先月からの目撃情報を整理するとある傾向が見えてきます。これまで出没していたのは山あいのエリアでしたが、ここ数日、市街地で相次いで目撃されていることです。

根室市街地にあるコンビニ前の道路沿いをクマが走っていく姿も目撃されています。私たちが話を聞いたのは、そのとき写真を撮影した男性。街中でクマが出たのは“初めて”だと話します。

コンビニ前でクマ目撃 小川芳宏さん
「この辺で、ちょうどクマがその草のとこ(にいた)。大きいよ、相当大きいよ。単独っぽい感じ。びっくり。こんな所でクマ出ると思わないもん。街中に出たなんて聞いたことない」

■出没クマに共通点はあるのか?

男性が市街地で目撃したクマは1頭で、大きさから大人のクマではないかといいます。一方、山あいのエリアで撮影された2つの動画に映るクマについては、同じ個体で“子連れの母グマ”だとみられています。

出没しているクマに“共通点”はあるのか。すべて同じ個体なのか。

映像から検証すべく、私たちは、土地の所有者などの協力のもと、センサーカメラを3か所に設置し、翌朝に回収することにしました。

このエリアは市の職員も警戒を強化しています。目撃情報がある場所を順番に車でまわり、それぞれのポイントで爆竹やホイッスルを鳴らして人間の存在を知らせます。2時間ほど見回りに同行しましたがクマには遭遇せず。

そして一夜明け、設置したカメラを確認してみましたが、映っていたのはシカのみ。どのカメラにもクマは現れませんでしたが、カメラを設置した場所の数百メートル先では、25日もクマの目撃が報告されています。

■繁殖期クマの危険性

根室市は、山あいで出没しているクマと、市街地で出没しているクマは“別の個体”とみています。いずれにせよ、専門家が指摘するのは「繁殖期特有の危険性」です。

酪農学園大学 佐藤喜和教授
「この季節はクマにとっては繁殖期。オスの成獣はメスを探して広い範囲を動き回るような時期。一方子供を連れたメスにとっては子グマを守るために接近してくるものに対し非常に攻撃的に威嚇をする」

4月以降、クマに襲われてけがをした人は全国で少なくとも11人にのぼっています。(25日時点)

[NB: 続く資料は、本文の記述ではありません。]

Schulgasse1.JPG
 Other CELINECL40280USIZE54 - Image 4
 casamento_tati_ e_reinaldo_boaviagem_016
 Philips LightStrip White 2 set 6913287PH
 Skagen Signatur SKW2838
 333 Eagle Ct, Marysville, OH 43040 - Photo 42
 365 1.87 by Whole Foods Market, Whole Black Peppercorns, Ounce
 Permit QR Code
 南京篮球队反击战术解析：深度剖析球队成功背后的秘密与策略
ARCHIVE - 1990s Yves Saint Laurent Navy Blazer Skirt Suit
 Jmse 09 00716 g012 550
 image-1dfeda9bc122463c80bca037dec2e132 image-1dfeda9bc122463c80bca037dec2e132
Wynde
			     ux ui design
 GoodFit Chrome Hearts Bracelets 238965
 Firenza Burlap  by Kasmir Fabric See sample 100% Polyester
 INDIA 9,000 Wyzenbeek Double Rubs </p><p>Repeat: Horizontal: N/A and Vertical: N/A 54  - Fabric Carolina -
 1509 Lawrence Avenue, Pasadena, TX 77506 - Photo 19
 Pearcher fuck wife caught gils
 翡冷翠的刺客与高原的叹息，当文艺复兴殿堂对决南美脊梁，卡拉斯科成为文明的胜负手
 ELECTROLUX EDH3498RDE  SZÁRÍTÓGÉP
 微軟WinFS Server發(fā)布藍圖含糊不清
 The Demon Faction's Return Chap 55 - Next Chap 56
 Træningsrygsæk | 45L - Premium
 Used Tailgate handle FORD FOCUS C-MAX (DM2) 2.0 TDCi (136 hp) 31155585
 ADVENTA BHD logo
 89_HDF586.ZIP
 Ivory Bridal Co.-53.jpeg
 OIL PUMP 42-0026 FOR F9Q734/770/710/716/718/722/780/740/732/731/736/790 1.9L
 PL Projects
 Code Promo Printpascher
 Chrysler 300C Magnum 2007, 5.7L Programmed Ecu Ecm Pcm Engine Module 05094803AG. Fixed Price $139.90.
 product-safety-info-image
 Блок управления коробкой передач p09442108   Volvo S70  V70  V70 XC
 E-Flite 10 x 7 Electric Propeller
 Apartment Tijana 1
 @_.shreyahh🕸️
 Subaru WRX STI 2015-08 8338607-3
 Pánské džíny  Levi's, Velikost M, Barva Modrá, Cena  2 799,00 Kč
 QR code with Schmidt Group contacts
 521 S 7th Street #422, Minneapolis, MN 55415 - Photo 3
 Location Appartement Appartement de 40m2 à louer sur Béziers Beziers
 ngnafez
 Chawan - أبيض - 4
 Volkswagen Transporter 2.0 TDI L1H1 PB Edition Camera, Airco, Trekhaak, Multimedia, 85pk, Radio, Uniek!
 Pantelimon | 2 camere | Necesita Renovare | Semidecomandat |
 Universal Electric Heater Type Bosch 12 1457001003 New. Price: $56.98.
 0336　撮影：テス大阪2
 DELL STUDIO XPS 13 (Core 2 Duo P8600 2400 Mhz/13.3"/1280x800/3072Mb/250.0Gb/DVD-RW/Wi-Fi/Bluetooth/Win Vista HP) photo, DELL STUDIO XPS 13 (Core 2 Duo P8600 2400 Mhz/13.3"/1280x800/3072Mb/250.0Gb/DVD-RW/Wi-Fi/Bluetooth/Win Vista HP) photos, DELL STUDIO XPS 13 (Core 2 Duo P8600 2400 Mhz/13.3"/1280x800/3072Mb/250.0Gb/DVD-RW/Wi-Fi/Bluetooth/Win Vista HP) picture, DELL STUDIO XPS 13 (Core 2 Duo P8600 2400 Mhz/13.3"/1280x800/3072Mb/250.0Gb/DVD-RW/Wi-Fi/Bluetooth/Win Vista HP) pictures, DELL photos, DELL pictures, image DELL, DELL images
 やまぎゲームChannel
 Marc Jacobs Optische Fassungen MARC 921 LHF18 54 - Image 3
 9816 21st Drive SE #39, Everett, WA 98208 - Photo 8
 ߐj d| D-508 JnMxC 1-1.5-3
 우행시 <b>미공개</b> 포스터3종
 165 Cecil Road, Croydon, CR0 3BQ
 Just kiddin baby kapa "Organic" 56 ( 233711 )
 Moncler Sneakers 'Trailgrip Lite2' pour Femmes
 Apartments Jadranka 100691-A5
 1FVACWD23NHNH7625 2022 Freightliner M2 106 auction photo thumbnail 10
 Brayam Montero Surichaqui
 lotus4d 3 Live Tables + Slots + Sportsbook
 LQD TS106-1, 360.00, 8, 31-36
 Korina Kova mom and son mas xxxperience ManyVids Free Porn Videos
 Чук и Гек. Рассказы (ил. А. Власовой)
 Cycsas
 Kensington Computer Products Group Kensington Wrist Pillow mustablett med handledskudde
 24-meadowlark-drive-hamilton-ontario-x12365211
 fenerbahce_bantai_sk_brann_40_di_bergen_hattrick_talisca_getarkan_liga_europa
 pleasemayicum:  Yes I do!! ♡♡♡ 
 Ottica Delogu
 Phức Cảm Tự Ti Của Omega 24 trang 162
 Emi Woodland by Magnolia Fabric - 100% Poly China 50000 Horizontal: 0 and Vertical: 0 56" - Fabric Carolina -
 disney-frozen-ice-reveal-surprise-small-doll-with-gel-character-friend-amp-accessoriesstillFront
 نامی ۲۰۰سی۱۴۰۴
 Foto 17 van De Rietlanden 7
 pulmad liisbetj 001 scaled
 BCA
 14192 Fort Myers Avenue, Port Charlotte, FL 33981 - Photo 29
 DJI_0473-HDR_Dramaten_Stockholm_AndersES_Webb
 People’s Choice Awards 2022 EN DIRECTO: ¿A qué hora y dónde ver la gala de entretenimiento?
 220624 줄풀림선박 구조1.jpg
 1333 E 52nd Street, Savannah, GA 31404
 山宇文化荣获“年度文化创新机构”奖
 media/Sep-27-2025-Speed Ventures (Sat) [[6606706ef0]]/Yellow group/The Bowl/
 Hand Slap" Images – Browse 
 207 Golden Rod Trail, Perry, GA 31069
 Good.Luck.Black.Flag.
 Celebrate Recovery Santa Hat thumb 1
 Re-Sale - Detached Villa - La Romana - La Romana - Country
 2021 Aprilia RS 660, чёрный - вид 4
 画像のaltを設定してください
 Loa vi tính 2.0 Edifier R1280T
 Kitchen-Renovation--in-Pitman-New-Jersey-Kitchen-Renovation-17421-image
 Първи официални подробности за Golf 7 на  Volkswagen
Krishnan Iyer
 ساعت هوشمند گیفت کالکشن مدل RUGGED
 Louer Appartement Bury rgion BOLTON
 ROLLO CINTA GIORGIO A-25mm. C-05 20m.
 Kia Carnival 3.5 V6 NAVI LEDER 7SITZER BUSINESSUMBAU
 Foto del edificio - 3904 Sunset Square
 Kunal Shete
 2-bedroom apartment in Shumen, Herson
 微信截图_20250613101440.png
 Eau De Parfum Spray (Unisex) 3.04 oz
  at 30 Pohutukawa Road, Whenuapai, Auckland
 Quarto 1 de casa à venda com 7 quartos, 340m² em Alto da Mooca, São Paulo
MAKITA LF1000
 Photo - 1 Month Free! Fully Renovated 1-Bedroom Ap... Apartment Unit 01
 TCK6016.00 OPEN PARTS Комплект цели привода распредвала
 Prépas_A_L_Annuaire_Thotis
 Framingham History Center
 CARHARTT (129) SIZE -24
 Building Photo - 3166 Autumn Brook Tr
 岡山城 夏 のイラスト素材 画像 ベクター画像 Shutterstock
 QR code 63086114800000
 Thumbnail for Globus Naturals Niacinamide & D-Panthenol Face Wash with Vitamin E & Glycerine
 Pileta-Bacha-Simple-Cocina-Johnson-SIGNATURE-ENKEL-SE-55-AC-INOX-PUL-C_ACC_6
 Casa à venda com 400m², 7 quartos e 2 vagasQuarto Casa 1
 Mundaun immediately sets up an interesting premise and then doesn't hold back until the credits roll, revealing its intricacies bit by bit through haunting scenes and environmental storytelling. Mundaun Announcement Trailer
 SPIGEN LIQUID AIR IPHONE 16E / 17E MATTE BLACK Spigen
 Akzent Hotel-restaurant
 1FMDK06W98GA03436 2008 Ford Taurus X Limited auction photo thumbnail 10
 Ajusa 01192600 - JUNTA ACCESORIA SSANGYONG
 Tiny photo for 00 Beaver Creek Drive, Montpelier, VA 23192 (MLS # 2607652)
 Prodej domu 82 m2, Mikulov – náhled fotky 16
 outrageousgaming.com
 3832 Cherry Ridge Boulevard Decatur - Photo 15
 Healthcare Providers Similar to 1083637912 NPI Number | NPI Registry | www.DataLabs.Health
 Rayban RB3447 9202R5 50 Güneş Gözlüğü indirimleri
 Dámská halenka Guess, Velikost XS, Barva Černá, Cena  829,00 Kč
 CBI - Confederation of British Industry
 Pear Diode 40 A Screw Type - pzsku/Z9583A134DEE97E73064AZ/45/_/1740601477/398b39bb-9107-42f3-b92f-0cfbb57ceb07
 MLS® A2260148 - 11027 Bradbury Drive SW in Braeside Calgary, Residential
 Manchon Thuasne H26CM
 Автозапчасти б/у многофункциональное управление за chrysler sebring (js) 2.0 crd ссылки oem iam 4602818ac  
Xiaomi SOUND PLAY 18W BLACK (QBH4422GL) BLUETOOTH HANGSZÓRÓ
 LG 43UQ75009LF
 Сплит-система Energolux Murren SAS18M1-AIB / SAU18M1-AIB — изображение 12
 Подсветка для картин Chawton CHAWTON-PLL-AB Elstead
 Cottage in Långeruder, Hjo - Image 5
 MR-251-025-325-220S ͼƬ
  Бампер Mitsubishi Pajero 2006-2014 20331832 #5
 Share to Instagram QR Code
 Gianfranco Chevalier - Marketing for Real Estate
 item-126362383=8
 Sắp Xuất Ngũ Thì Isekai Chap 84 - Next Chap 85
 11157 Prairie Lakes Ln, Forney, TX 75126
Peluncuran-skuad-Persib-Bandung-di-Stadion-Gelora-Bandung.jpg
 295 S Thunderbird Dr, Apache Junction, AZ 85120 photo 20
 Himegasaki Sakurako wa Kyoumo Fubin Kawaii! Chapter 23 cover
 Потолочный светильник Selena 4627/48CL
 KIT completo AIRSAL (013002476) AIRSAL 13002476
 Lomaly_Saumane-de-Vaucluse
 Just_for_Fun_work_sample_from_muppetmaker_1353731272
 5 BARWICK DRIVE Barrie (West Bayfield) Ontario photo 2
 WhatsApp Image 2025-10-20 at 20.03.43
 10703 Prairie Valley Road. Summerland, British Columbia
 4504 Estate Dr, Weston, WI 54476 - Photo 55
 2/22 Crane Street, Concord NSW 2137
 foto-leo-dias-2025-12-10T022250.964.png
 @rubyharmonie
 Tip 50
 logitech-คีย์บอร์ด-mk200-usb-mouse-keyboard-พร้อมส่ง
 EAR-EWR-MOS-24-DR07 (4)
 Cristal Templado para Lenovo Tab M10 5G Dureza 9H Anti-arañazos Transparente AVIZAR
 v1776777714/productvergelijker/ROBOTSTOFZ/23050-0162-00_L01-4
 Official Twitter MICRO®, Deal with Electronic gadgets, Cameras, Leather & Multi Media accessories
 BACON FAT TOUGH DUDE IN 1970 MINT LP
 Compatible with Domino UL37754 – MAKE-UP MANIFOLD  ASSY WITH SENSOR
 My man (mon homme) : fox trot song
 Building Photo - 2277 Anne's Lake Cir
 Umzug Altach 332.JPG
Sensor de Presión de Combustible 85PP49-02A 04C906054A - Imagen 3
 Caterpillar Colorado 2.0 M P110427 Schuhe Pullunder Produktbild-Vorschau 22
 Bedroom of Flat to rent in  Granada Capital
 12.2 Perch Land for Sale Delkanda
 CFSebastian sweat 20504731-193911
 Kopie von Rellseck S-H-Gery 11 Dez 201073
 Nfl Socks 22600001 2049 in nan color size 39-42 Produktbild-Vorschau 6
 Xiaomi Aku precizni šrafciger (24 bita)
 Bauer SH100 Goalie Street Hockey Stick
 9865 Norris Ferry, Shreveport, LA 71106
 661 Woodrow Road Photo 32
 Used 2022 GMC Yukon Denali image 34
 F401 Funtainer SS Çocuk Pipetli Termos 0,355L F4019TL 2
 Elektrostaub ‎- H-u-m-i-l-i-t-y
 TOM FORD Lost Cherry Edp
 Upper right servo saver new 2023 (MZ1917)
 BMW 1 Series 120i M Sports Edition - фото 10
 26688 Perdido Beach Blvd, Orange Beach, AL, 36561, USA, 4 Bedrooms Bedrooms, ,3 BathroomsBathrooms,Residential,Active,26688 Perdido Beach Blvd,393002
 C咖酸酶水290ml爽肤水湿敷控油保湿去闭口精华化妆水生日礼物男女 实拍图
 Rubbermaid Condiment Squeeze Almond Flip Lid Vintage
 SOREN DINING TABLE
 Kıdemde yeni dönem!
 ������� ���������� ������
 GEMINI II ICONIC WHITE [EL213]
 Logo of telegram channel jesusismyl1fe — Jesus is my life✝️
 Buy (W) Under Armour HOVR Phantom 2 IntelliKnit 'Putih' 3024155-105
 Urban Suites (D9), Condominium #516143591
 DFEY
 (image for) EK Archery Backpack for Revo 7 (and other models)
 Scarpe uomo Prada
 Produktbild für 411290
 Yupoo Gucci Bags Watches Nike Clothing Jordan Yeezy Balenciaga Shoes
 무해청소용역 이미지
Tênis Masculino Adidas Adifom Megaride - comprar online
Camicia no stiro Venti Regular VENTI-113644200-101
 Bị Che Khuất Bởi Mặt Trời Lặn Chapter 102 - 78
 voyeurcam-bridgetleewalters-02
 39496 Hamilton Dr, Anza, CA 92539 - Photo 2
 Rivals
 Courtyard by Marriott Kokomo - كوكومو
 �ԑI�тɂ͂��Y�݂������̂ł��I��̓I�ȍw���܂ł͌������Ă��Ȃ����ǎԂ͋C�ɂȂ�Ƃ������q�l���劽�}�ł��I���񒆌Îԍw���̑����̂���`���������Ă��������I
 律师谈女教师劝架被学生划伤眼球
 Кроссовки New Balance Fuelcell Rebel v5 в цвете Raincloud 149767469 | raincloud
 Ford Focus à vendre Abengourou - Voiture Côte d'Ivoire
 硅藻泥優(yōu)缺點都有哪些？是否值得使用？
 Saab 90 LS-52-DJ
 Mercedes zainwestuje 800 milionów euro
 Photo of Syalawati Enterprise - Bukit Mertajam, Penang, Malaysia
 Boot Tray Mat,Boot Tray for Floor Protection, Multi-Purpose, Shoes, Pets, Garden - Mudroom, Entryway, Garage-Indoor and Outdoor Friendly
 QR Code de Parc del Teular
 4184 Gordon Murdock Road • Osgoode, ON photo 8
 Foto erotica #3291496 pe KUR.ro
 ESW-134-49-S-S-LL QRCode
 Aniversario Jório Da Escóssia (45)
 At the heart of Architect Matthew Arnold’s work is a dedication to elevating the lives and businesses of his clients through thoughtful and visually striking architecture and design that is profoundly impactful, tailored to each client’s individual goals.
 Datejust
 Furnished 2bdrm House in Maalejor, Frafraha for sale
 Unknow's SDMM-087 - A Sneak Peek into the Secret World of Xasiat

繁殖期が危険というのには、クマの“習性”が関わっているといいます。

繁殖期のオスグマに取り付けた目線カメラの映像をみてみると、前を走るメスをオスが追いかけていることがわかります。その後、映っていたのはオスがメスの子どもを食べる様子。繁殖期のオスグマには“子殺し”の習性があるのです。

酪農学園大学 佐藤喜和教授
「クマは基本的に一夫多妻か乱婚制。一頭でも多くのメスと交尾するのがオスの大事な目的。自分と交尾しないメスが子供を連れている場合は自分の子供ではありませんので、その子供を襲って殺してしまう。母グマにとっては大きな損失ですので攻撃的に威嚇をするのです」

この時期のクマについて、猟友会のハンターは…

北海道猟友会厚岸支部 根布谷昌男さん
「子供を持っているヒグマってのは怖いよね。母性本能が強いからそういう時は確実に襲ってくるよね。体中毛を逆立てて吠えたりするもんだからすごい大きく感じるんですよ。ただ今まで何十頭かクマ獲ったんですけども、50〜60キロ超えたクマだと人間は絶対勝てないからね。怖いよ、やっぱり」

(5月25日OA「サタデーステーション」)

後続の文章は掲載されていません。